DROWSINESS DETECTION SYSTEM USING MATLAB
Keywords:
Hough Transform, Vision Cascade Object Detector, Image Acquisition, Viola Jones algorithmAbstract
Despite the fact that life is a wonderful gift, it is also riddled with danger. Therefore, in order to avoid accidents
from occurring, safety procedures must be implemented. Automobile collisions have risen in prominence to become
one of the most important sources of insecurity in contemporary times. Maintaining a high level of vigilance while
driving is extremely important to avoid accidents.It is possible that even a single minute of negligence will have
catastrophic implications. The vast majority of traffic accidents occur as a result of the driver's carelessness and
inaction while behind the wheel of a vehicle. Consequently, the number of traffic accidents, particularly those
involving automobiles, continues to climb year after decade. As a result of drowsiness,When driving, drivers
become inactive for a period of time during the journey. It is probable that earlier detection of tiredness could have
prevented a number of deaths if the condition had been recognised.It has been possible to develop sleepiness
detection technology thanks to the employment of machine vision-based concepts and the assistance of these
concepts. Exhaustion or drowsiness must be recognised in order to be properly diagnosed and treated.Using a small
camera that is pointed directly at the driver's face and that recognises the driver's eye ball movement as it moves, the
driver's performance can be monitored.
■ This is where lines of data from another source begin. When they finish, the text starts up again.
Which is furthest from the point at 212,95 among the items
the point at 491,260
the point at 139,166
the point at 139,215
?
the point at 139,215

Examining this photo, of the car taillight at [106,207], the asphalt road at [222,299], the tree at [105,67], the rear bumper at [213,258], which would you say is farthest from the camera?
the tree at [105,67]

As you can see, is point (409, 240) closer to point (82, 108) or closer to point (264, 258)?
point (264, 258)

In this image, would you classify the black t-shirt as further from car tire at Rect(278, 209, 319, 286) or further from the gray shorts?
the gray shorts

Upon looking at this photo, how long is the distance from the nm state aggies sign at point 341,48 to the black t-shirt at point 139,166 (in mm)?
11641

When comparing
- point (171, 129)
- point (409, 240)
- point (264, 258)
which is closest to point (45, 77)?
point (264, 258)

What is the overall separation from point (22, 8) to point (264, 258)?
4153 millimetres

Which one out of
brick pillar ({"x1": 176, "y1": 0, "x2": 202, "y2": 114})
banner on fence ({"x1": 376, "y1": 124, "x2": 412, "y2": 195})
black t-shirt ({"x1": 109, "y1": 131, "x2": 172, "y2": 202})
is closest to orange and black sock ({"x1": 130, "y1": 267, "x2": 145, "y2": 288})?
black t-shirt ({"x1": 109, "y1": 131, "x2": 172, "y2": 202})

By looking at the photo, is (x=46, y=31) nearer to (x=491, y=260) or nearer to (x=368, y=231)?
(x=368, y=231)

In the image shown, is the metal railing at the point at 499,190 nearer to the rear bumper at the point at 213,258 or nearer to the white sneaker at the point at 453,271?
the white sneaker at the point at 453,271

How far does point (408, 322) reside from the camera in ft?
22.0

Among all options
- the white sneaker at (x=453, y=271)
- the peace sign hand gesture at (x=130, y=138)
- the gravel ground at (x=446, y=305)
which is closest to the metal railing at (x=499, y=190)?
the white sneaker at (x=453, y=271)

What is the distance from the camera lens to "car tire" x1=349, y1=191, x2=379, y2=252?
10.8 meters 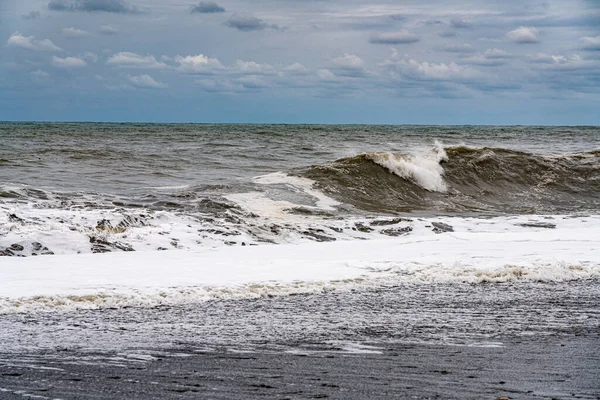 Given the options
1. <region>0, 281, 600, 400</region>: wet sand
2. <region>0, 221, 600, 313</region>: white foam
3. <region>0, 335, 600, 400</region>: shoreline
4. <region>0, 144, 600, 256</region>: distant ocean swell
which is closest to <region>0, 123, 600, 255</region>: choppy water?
<region>0, 144, 600, 256</region>: distant ocean swell

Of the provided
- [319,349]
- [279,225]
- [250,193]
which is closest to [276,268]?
[319,349]

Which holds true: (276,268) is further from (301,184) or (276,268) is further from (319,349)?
(301,184)

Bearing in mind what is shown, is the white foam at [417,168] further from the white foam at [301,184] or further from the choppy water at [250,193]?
the white foam at [301,184]

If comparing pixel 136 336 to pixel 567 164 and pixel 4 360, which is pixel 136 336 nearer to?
pixel 4 360

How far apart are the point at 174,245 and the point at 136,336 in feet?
15.3

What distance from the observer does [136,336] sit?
4680 millimetres

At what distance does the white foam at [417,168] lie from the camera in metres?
18.6

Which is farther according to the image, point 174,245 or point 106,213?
point 106,213

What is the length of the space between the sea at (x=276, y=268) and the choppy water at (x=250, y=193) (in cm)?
6

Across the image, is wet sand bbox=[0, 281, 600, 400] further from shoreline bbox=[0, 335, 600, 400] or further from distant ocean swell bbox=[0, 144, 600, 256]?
distant ocean swell bbox=[0, 144, 600, 256]

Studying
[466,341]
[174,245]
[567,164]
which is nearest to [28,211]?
[174,245]

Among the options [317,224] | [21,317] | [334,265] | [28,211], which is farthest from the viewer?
[317,224]

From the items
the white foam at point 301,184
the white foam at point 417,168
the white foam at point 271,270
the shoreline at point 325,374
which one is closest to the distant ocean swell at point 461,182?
the white foam at point 417,168

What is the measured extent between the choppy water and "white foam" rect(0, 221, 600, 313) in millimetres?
1323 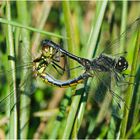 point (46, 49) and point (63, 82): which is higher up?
point (46, 49)

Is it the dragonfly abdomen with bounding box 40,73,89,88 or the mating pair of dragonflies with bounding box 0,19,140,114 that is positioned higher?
the mating pair of dragonflies with bounding box 0,19,140,114

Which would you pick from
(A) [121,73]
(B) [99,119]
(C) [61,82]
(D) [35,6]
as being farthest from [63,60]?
(D) [35,6]

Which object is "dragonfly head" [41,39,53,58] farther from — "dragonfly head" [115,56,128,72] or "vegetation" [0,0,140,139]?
"dragonfly head" [115,56,128,72]

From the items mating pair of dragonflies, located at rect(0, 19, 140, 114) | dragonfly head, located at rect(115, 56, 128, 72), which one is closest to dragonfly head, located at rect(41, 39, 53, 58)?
mating pair of dragonflies, located at rect(0, 19, 140, 114)

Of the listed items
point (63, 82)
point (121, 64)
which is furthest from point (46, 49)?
point (121, 64)

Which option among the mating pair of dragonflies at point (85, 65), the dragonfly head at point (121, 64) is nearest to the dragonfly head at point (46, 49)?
the mating pair of dragonflies at point (85, 65)

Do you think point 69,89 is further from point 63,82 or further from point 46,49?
point 46,49

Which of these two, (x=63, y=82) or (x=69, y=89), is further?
(x=69, y=89)

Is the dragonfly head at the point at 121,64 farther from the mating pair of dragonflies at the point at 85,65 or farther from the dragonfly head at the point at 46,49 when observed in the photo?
the dragonfly head at the point at 46,49

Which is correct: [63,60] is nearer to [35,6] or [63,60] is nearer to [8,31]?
[8,31] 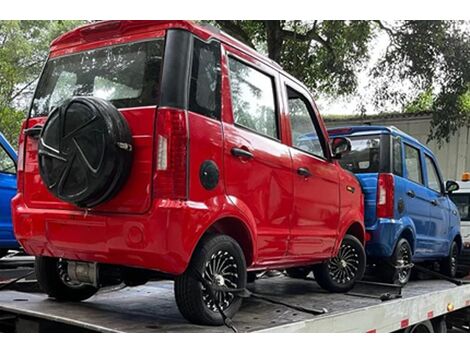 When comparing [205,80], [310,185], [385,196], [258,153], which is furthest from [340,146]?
[205,80]

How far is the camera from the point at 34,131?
3.47 metres

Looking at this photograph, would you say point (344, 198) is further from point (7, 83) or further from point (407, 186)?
point (7, 83)

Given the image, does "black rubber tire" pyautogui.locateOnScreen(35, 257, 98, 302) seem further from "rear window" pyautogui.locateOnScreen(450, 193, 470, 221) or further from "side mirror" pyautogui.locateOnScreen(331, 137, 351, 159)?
"rear window" pyautogui.locateOnScreen(450, 193, 470, 221)

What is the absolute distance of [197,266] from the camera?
9.96 ft

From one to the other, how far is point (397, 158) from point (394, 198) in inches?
19.7

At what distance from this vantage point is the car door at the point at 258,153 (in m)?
3.35

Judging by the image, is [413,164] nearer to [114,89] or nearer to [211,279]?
[211,279]

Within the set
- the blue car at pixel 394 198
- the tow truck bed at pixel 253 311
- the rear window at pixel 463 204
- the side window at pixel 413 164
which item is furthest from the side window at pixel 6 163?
the rear window at pixel 463 204

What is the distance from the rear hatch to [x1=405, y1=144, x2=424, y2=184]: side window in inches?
144

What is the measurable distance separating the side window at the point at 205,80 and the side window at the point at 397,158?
2.85m

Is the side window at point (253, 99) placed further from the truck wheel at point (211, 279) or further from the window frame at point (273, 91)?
the truck wheel at point (211, 279)

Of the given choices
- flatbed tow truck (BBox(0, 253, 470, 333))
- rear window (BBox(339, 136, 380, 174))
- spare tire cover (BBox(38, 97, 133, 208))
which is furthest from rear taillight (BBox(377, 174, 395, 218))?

At the absolute least, you shouldWhen the system does its initial detection
step, it looks for the presence of a face, following which it looks for the presence of eyes, and after that it determines
if an eye detected is open or closed. ChangesA difference in intensity in the eye leads the eye to narrow down in
size, allowing the system to receive greater information.A system notifies the driver that he or she is becoming
asleep at the wheel and that it is important to wake him or her up within a set time period.